The cycling durability of the NiO films prepared in this study was evaluated by CA measurements and corresponding in situ transmittance at 550 nm.. After being subjected to 3000 cycles, the decay of transmittance modulation for NiO-25 film was about 18.5%. Furthermore, even when subjected to 5000 cycles, the transmittance modulation of NiO-25 film decayed only for 25.2%. These remarkable durability values are much higher than for pure NiO films prepared by similar CBD method reported previously [20-22]. Interestingly, the significant decrease of transmittance modulation after 500 cycles was observed for the NiO-30 films, which has best transmittance modulation, and this decay accelerated until 1200 cycles.
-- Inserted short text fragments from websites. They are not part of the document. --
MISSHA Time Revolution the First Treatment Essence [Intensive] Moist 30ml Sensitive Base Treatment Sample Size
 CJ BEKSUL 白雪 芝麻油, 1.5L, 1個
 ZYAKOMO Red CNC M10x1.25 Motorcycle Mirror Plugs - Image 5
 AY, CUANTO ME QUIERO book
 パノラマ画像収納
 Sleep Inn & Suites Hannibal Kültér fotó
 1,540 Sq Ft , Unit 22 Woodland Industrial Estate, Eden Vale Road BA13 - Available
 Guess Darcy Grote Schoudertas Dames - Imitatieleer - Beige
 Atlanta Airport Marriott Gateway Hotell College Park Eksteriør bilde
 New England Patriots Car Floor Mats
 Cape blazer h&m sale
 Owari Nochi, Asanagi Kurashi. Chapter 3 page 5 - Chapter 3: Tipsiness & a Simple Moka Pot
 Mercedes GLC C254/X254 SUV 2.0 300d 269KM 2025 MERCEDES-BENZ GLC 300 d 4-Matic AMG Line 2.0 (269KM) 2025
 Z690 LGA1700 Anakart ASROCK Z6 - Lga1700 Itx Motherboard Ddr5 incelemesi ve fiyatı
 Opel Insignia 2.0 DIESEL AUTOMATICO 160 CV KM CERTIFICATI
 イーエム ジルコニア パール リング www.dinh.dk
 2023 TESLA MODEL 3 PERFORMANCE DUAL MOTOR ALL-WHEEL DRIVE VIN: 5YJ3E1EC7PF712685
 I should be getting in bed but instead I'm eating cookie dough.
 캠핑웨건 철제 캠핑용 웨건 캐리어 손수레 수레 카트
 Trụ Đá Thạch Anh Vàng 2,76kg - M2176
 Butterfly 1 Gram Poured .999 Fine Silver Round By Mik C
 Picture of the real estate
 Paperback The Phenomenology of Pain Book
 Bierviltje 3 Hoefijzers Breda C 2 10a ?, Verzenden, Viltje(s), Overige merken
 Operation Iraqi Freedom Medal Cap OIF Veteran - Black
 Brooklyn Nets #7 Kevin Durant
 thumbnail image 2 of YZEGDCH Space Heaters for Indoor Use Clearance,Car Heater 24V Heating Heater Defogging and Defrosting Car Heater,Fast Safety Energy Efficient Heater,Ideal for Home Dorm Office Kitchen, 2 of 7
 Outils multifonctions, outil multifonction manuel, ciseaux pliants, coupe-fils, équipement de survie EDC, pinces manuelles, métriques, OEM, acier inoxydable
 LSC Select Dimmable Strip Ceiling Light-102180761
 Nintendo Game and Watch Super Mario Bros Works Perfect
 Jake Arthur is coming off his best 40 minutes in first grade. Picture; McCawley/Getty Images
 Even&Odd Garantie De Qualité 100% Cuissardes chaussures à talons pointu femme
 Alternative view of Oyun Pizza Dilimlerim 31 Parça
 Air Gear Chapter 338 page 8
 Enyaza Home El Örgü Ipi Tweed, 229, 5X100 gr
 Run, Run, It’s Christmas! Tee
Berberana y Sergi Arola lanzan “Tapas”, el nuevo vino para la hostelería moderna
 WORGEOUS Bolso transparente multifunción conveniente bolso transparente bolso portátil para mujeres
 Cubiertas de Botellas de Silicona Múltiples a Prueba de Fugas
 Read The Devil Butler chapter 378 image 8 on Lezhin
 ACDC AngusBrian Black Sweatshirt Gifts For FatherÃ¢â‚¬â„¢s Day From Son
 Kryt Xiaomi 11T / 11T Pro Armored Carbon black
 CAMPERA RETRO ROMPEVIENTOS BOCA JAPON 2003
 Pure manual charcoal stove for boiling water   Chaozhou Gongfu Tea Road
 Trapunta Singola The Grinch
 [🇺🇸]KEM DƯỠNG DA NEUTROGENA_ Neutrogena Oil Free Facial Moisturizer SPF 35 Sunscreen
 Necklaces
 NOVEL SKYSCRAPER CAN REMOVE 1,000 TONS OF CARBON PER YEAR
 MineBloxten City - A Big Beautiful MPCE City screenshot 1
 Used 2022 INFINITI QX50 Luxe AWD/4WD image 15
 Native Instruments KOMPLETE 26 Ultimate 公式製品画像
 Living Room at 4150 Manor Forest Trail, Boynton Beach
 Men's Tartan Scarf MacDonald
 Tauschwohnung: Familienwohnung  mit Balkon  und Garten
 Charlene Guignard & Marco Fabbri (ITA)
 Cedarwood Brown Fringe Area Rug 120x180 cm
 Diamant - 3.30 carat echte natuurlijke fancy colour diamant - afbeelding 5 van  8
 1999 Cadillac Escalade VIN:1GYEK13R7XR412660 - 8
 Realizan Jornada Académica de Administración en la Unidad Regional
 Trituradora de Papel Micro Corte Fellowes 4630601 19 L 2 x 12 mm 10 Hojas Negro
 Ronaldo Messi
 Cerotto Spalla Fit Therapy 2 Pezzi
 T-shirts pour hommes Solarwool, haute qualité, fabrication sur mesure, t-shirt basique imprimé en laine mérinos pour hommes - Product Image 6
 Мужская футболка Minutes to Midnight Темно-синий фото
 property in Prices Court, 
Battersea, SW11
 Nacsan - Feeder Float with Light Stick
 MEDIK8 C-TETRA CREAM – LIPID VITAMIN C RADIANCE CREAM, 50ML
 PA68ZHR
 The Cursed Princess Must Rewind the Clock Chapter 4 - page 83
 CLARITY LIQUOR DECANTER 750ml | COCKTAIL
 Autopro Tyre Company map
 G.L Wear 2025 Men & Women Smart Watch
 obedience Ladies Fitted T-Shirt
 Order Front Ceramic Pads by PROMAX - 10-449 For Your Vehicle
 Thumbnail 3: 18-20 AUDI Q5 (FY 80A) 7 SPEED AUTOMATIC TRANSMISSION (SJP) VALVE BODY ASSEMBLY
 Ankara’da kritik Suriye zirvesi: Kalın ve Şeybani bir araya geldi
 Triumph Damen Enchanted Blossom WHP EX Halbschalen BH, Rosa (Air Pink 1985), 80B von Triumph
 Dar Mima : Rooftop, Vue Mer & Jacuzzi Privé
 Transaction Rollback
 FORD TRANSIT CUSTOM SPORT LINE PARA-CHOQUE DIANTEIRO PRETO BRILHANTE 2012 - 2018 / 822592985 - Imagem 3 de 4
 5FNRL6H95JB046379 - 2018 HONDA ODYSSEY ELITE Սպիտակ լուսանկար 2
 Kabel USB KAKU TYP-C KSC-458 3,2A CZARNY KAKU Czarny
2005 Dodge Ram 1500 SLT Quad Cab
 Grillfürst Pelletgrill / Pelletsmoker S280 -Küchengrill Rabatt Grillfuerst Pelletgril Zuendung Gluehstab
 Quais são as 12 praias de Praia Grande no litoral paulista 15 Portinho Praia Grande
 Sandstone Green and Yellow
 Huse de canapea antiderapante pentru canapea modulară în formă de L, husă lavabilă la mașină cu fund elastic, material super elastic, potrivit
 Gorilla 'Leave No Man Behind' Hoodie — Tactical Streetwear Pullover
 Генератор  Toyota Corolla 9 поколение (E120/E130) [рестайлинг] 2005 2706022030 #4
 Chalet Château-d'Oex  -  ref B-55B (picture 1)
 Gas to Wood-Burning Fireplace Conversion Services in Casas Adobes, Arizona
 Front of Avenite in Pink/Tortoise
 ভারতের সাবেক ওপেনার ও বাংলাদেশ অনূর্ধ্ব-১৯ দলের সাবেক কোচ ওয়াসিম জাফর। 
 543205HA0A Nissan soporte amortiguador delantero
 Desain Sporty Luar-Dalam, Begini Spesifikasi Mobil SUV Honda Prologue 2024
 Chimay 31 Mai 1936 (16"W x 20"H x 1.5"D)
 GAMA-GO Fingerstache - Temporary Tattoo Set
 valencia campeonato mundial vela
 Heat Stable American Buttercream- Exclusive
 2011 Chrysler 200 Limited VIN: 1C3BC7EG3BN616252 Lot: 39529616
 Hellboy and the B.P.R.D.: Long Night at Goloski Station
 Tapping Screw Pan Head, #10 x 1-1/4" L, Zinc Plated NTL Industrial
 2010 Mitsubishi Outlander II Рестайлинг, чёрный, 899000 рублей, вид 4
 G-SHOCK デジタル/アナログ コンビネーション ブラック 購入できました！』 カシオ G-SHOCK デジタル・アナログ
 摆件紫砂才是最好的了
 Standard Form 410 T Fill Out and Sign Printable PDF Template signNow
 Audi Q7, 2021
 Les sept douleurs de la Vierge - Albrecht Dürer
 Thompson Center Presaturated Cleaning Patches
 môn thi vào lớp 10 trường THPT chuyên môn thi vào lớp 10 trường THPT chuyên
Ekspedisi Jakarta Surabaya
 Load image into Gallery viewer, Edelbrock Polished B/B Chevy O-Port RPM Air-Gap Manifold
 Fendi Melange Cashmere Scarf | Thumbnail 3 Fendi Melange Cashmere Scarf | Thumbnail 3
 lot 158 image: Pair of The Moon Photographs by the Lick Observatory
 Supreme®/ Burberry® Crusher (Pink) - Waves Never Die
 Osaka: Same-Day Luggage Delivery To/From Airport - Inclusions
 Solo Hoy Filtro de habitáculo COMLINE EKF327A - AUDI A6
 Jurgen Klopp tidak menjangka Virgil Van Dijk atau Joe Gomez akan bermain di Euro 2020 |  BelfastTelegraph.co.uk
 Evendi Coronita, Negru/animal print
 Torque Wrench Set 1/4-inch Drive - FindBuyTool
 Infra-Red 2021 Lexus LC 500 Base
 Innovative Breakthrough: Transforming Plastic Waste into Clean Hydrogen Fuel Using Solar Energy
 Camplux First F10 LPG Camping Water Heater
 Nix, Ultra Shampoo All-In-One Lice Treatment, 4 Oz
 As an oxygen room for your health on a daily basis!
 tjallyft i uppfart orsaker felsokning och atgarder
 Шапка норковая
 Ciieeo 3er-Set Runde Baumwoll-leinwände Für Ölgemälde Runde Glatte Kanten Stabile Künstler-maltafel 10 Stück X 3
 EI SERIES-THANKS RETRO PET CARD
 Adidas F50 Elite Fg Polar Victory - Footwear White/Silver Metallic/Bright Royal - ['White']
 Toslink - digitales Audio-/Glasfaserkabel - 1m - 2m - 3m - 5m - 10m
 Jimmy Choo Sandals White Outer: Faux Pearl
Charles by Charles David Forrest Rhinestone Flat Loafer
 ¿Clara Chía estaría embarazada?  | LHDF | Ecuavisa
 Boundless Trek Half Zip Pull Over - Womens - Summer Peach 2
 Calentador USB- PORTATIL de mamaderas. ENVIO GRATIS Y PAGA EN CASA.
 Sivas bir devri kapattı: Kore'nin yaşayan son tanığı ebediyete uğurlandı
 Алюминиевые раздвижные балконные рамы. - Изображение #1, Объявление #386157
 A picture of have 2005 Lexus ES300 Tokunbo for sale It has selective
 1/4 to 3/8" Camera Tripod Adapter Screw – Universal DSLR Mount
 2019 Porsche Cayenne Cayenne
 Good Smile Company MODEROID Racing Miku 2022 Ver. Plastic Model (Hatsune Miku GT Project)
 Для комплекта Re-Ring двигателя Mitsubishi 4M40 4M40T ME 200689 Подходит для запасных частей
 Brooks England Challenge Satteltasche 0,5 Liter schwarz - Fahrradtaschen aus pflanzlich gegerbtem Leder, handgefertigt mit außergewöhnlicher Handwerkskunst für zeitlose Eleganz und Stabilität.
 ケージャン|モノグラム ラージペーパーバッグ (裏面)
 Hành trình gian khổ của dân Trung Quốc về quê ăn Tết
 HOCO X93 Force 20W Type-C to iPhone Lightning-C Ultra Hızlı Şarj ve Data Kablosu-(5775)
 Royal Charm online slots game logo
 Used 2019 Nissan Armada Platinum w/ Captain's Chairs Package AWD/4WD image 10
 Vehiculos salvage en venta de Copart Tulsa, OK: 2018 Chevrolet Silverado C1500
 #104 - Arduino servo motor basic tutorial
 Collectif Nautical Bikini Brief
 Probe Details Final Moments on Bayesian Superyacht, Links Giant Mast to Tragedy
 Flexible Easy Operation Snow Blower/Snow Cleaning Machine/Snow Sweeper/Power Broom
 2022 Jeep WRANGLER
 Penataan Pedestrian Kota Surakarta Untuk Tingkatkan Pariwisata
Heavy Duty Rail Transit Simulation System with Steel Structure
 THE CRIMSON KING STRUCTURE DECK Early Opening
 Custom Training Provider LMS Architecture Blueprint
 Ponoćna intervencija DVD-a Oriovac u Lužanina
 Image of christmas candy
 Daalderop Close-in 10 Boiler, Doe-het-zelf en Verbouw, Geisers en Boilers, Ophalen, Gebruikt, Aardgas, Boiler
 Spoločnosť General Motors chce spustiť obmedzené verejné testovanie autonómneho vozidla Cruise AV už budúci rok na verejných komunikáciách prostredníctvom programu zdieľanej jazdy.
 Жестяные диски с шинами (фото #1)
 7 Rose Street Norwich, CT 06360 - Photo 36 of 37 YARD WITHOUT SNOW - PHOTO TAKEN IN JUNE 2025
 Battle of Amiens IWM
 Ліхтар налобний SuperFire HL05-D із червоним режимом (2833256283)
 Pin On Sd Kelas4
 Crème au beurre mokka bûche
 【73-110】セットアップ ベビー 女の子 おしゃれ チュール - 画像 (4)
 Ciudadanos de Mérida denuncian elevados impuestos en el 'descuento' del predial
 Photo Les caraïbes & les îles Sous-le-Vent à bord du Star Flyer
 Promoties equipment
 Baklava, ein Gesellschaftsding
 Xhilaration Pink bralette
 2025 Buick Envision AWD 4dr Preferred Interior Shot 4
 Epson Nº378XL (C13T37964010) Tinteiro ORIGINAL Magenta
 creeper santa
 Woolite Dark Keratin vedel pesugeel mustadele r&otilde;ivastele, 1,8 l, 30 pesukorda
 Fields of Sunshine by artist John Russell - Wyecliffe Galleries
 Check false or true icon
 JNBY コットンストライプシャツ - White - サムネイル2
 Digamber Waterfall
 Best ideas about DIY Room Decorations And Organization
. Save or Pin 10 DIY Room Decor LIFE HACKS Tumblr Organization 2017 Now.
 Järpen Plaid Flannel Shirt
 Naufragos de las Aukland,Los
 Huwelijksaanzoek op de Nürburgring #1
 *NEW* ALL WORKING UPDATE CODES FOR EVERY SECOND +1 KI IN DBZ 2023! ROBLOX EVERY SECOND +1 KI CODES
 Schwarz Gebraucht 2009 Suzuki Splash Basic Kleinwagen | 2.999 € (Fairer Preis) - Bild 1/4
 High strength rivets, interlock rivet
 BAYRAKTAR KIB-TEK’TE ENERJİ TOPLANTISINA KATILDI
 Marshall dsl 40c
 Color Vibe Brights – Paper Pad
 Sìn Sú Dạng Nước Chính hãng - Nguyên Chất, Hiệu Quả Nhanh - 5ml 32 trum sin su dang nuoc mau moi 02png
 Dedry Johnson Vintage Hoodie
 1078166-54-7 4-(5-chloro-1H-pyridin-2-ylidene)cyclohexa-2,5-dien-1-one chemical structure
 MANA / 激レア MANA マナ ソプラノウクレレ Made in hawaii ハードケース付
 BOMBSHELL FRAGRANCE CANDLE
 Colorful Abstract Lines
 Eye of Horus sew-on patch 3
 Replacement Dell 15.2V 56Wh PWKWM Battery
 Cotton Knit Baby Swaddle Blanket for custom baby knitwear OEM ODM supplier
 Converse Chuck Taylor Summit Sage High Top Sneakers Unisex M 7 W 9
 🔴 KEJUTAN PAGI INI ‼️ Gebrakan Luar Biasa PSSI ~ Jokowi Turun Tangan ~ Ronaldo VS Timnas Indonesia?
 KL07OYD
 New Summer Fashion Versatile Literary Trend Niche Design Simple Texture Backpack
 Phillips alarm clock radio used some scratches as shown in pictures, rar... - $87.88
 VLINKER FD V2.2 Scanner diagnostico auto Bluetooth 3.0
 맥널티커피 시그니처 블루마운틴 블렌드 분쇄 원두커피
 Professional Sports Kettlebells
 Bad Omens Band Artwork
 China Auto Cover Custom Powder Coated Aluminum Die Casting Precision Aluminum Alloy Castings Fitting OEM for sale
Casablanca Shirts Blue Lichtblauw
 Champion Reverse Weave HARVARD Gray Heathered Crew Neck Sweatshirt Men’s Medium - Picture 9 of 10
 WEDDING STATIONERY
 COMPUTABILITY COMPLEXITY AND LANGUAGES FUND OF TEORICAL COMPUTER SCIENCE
Finally the NiO nanoflakes fell off form ITO glass resulting in unmeasurable. This drastic decrease of stability can be considered that weak adhesion between nanoflakes and substrates could occur when excess Ni(H2O)6-x(NH3)x was formed in the CBD solution as described in XPS results. The best cycling durability of the NiO film prepared with appropriate addition of aqueous ammonia can be possibly attributed to the high growth rate of NiO nanoflakes resulted in high transmittance modulation and chemical composition of final NiO films by providing proper amount of OH ions.
Summary
In summary, 2-dimensionally networked NiO nanoflakes films were prepared by the CBD method. The addition of aqueous ammonia significantly affects the growth of NiO films and appropriate additions of amount of aqueous ammonia is important to obtain the balanced EC performance of NiO films between transmittance modulation and cycling durability. The NiO-25 film exhibited high transmittance modulation (Tbleaching: 86.8% and Tcoloring: 23.4%) and noticeable cycling durability (only 25% decrease after 5000 cycles) at 550 nm. This paper presents that the cycling durability of NiO films can be improved by simple aqueous ammonia control without complex composite structure of metal doping, and it can be used to make high quality EC NiO films for smart windows.